In Neuronalen Netzen sind die Aktivierungsfunktionen und die Art des Netzwerkes (Feed Forward, Back-Propagation etc.) bedeutsam. Eine Herausforderung stellt das Trainieren der Netzwerke dar, denn das Schätzen der im Modell enthaltenen Parameter führt zu hochdimensionalen, nichtlinearen Optimierungsproblemen (lokales und globales Maximum). Ein weiteres Problem stellen überdimensionierte Netze dar. Diese brauchen mehr Ressourcen für die Optimierung und führen oft zu Overfitting. Eine vernünftige Planung und das Testen der Modellspezifikationen sind hier von Bedeutung.

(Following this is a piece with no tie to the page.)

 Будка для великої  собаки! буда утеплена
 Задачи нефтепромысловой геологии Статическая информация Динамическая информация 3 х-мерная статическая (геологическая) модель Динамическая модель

Werden viele Hidden Layer genutzt, sprechen wir von einem Deep Learning Modell. Hier ist die Modellart nach der Problemstellung zu wählen. Dazu werden zuerst die wesentlichen Modellarten erlernt und dann direkt in Jupyter-Notebooks mit Python, TensorFlow und Keras umgesetzt. Zu den wesentlichen Modellarten zählen das Convolutional Neural Network (covnet oder CNN), das Recurrent Neural Network (RNN) und das LSTM (Long short-term memory). Die verschiedenen zentralen Modelle werden anhand von Fallstudien praktisch umgesetzt.
Hinweise zum Deployment der Deep Learning Modelle runden das Seminar ab.